Friday, June 20, 2008
Absolutely fascinating article from Walter Russell Meade: The New Israel and the Old:
...Respected U.S. foreign policy experts call for Washington to be cautious in the Middle East and warn presidents that too much support for Israel will carry serious international costs. When presidents overrule their expert advisers and take a pro-Israel position, observers attribute the move to the "Israel lobby" and credit (or blame) it for swaying the chief executive. But there is another factor to consider. As the Truman biographer David McCullough has written, Truman's support for the Jewish state was "wildly popular" throughout the United States. A Gallup poll in June 1948 showed that almost three times as many Americans "sympathized with the Jews" as "sympathized with the Arabs." That support was no flash in the pan. Widespread gentile support for Israel is one of the most potent political forces in U.S. foreign policy, and in the last 60 years, there has never been a Gallup poll showing more Americans sympathizing with the Arabs or the Palestinians than with the Israelis.
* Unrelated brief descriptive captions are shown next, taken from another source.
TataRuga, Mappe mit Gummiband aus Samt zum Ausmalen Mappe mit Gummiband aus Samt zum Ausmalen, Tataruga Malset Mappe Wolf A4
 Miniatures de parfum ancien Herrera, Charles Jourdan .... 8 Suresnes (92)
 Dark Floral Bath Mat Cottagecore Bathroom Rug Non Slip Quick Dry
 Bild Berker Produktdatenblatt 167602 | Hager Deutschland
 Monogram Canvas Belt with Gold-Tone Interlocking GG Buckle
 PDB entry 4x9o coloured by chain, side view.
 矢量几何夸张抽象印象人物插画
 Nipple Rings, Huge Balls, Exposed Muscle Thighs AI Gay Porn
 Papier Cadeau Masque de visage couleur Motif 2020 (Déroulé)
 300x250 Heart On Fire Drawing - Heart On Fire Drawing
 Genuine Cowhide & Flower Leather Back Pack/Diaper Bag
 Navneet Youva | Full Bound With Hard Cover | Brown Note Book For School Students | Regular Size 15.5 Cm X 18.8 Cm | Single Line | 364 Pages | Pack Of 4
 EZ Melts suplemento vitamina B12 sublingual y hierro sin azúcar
Over time, moreover, the pro-Israel sentiment in the United States has increased, especially among non-Jews. The years of the George W. Bush administration have seen support for Israel in U.S. public opinion reach the highest level ever, and it has remained there throughout Bush's two terms. The increase has occurred even as the demographic importance of Jews has diminished. In 1948, Jews constituted an estimated 3.8 percent of the U.S. population. Assuming that almost every American Jew favored a pro-Israel foreign policy that year, a little more than ten percent of U.S. supporters of Israel were of Jewish origin. By 2007, Jews were only 1.8 percent of the population of the United States, accounting at most for three percent of Israel's supporters in the United States.
These figures, dramatic as they are, also probably underestimate the true level of public support for Israel...
I commend the whole thing to you. The comment thread is a different story, however.